第五十二話【聖人】
話は少し巻き戻る。
早朝。
ギーシュはアウストリの広場で一人、ワルキューレを無造作に大量生産していた。
「はぁ……はぁ……」
膝に手を置いて顎下の汗を拭う。
彼によって生み出された青銅の女戦士は十体。
彼の最大数量を超える数ではあるのだが……、
「やっぱりダメだ、数だけ増やしても“中身”が伴わないんじゃ意味がない。やっぱり使うなら七体が今の限界か」
ギーシュはこうやって度々自分の限界を試し、新たな可能性を模索する。
「いや、でもがんばれば八体はいけるかもしれない。やっぱり精神力の総量を増やすことから考えないと」
彼の扱う魔法はドットスペルである。
だが、彼はワルドとの決闘によって何かを掴みかけていた。
ワルキューレにさらに一体分の練金を加えて二体分のワルキューレと為した。
同時に使用したわけではないが、だが“出来なさそう”では無かった。
もしそれが可能なら、自分は次のステップ……ラインへと上がれるだろう。
ラインへ上がったなら、練金での消費精神力も格段に減る。
「だが、まずはやはり総量だ」
それでも、元が少なければ所詮すぐにスッカラカンになる。
戦法を頭で考えるだけでなく、やはり魔法技術の向上もしなければならない。
ギーシュは、ラ・ロシェールでの戦いで、最後は精神力不足で結果的にお荷物だったことに悔しさを感じていた。
実際は、彼の立てた作戦ありきの戦いだったのだが、ギーシュはそうは思わない。
やはり自分はもっと鍛えるべきだと、自身の不甲斐なさを悔いていたのだ。
そんな時、一人でいるギーシュの元に、ふくよかなお腹を隠すことなく、真面目な顔をしたマリコルヌが近づいてきた。
「ギーシュ」
「? やぁマリコルヌ、おはよう。珍しく早いじゃないか」
マリコルヌが来たところで今日の特訓はお開きにした。
他人に努力を見せるのは……好きじゃない。
「朝から魔法の特訓か?」
「まぁ、似たようなものだね。君こそどうしたんだい?こんなに朝早くから起きてくるなんて珍しいじゃないか」
だからギーシュは小さく笑って誤魔化した。
するとマリコルヌもそれ以上それには触れずに、
「君に聞きたいことがある」
普段のマリコルヌらしくない、真面目な声色で真っ直ぐに見つめられた。
「なんだい?」
こんなマリコルヌを見るのは初めてだった。
だからギーシュも出来るだけ真面目に話を聞くことにした……のだが。
「君は……本当に一年生のケティを愛しているのか?」
「へ……?」
ポカン、とする。
まさかマリコルヌから色恋の話が出るとは夢にも思っていなかったからだ。
「答えろ、君は本当にケティだけを見るつもりがあるのか?」
「ちょ、ちょっと待ってくれ!! 何で君にそんなことを聞かれなきゃ……ましてや言わなければならないんだい?」
ギーシュは慌てる。
マリコルヌの目は全く笑っていなかったからだ。
そういえば、ラ・ロシェールでマリコルヌは自分に変な顔で睨み付けてきたことを思い出す。

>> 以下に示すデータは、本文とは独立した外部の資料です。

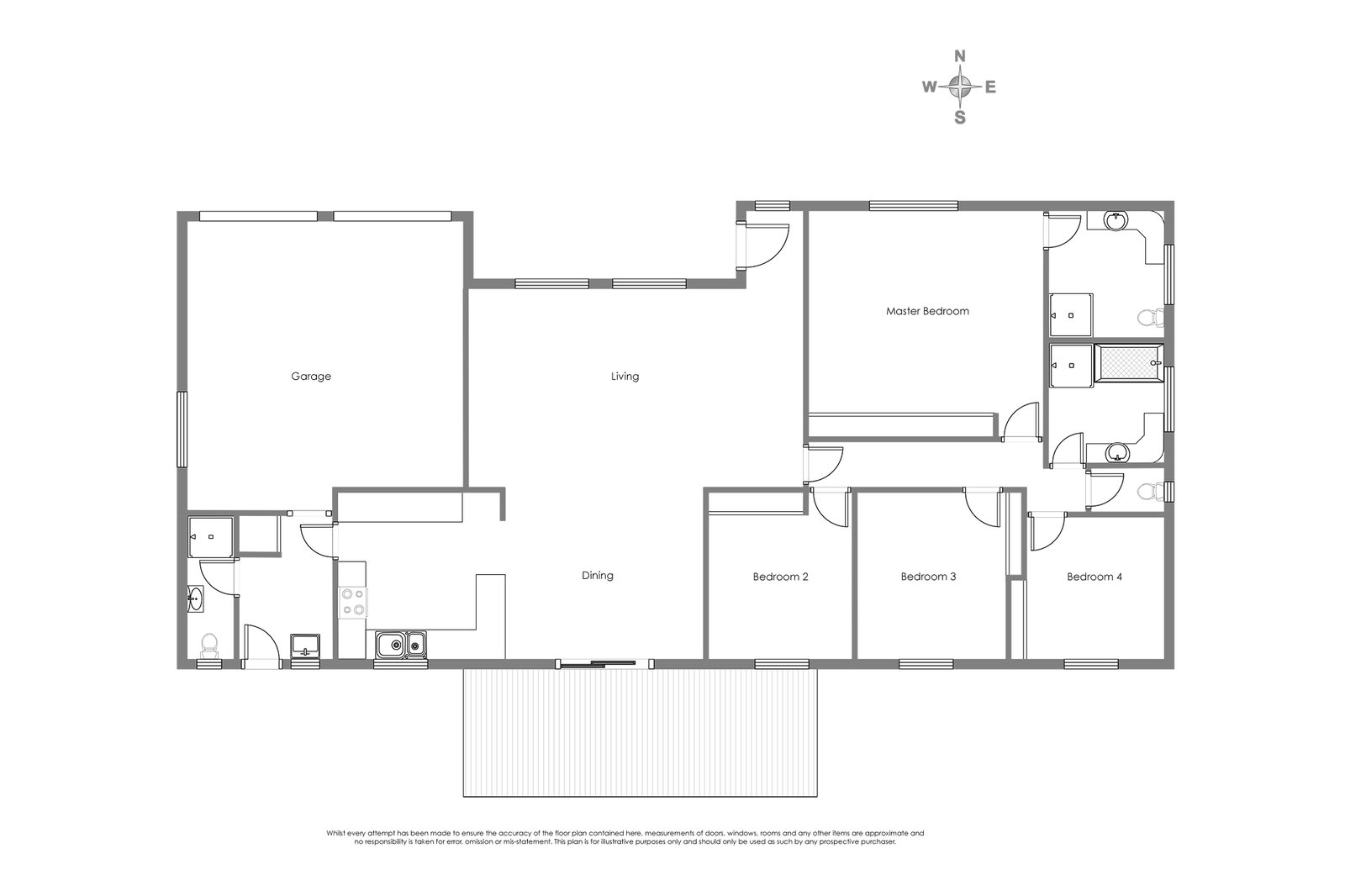 6 Whitian Drive CARRARA 13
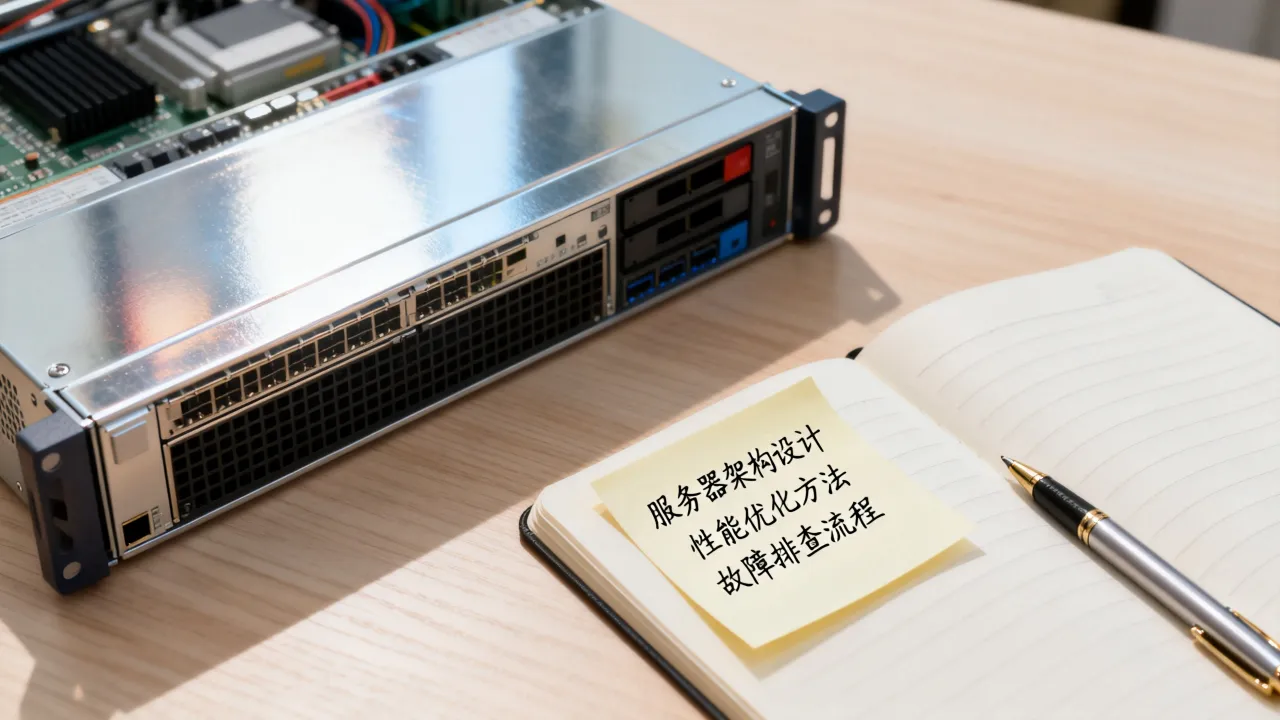 服务器面试为什么这么问?服务器面试常见问题有哪些? 服务器面试为什么这么问?服务器面试常见问题有哪些?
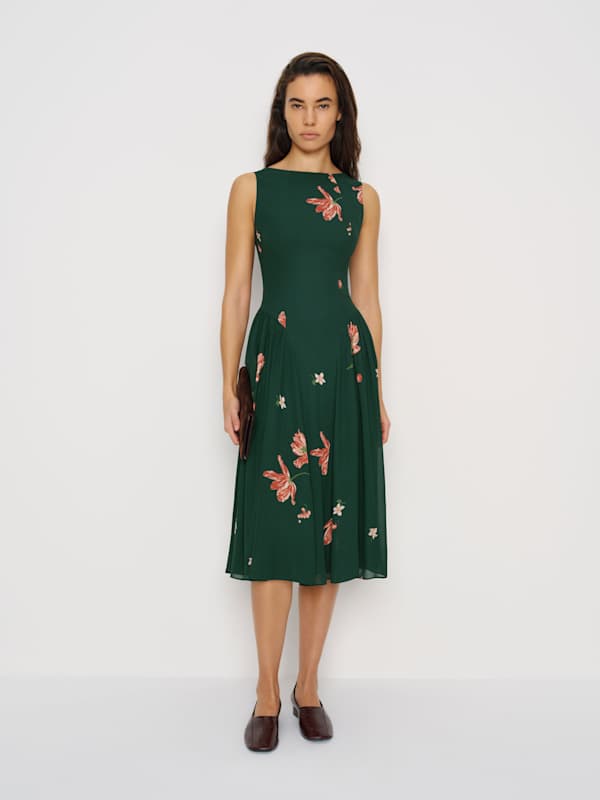 Anelis Dress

「いいから答えろ!! お前はケティに言ったそうじゃないか、君の作るお菓子を毎日でも食べたい、これからずっと自分の為に作って欲しい、みたいなことを!! それってほとんど告白だろう!?」
「う……否定はしないが」
「じゃあ!! 何でお前はあれからずっとモンモランシーとべったりなんだ!!」
マリコルヌは興奮してきたのか、口調が“君”から“お前”になり、段々と声が大きくなっていく。
そう、ギーシュは戻ってきて以来、モンモランシーと共に多くの時間を過ごしていた。
「それは……」
説明しようとして、やめる。
自分でも上手く説明できなかったからだ。
ただラ・ロシェールでのモンモランシーの豹変が気になっていた。
聞けば自分の為に用意していた“何か”を台無しにされて我を忘れたのだという。
その話を聞いた時、ギーシュは自分を責めた。
一歩間違えばモンモンランシーは大怪我……最悪死んでいた可能性だってあるのだ。
“何か”は結局なんなのか聞けなかったが、彼女の話を聞いていると、どうしてもそれは自分のせいだと感じてしまっていた。

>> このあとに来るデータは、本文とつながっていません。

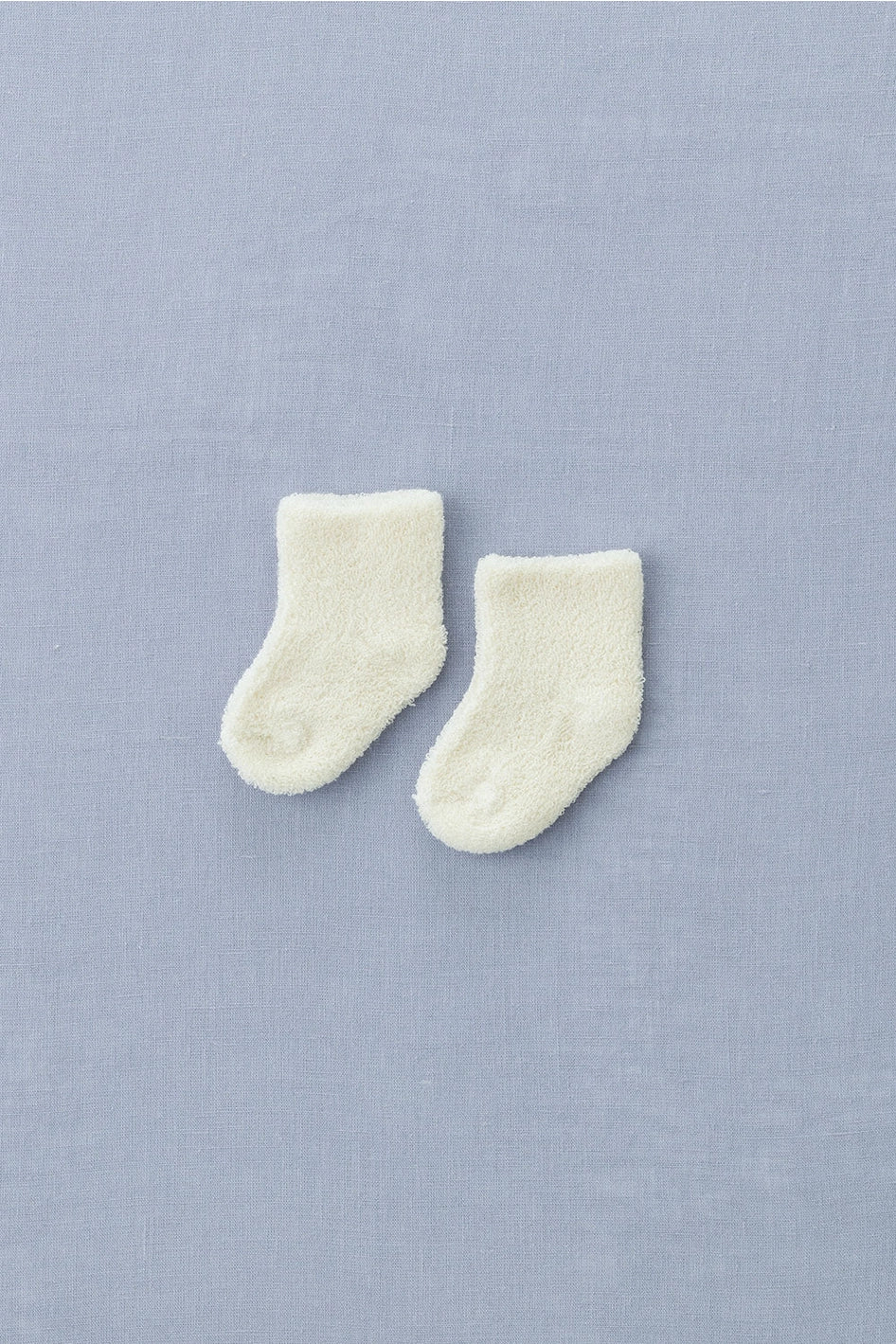 Organic Cotton Baby Socks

だから、彼は彼女へのお詫びも兼ねてここしばらく彼女と大半を過ごしていたのだ。
「ケティが寂しがっていた。お前はもう自分が好きじゃないんじゃないかって」
「ケティが?」
いや、ケティには以前トリスタニアで盛大にぶたれて頬に紅葉マークを作ってから疎遠になっていたと思っていたのだが。

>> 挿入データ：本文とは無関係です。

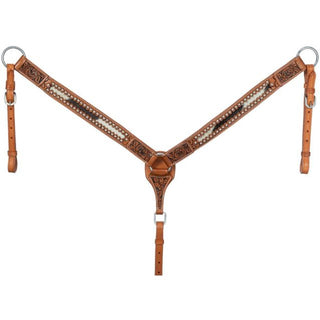 Royal King - Longhorn Collection - Pieces Sold Separate – Horse Tack from Bronco Western Supply Co.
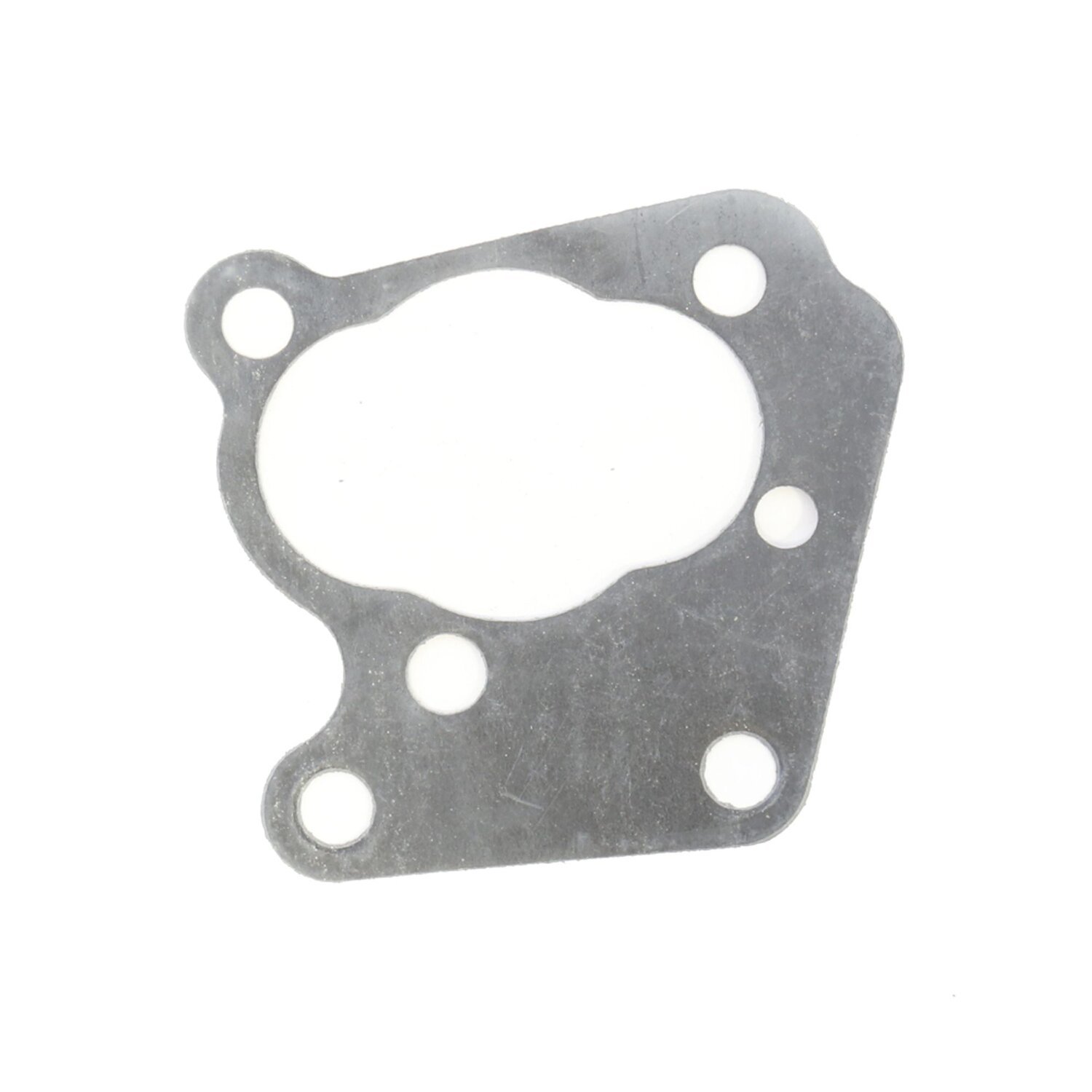 Athena, oil pump body to cover gasket. Paper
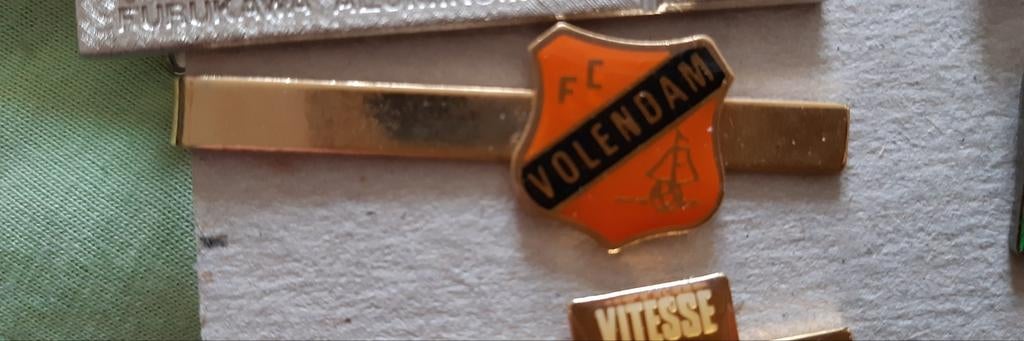 Dasspeld Volendam, Ophalen of Verzenden, Nieuw, Sport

と、あの頃あった“英雄伝説”があっという間に“笑い者伝説”になってしまった事を思い出してギーシュは内心軽くへこむ。
だがマリコルヌは尚も真剣に、ギーシュへと詰め寄った。
「そうだ、ケティはお前をずっと見ていたんだぞ!!」
それは意外……というより寝耳に水な話である。
ギーシュのそんな考えが顔に出たのだろう。
マリコルヌはギーシュに掴みかかった。
「お前!!」
何でこんな奴が!!
マリコルヌには許せなかった。
ケティという少女に好かれながらも他の女とイチャイチャしてヘラヘラしているように見えるこの男が。
マリコルヌは、実は見た目と違ってそんなに鈍くない。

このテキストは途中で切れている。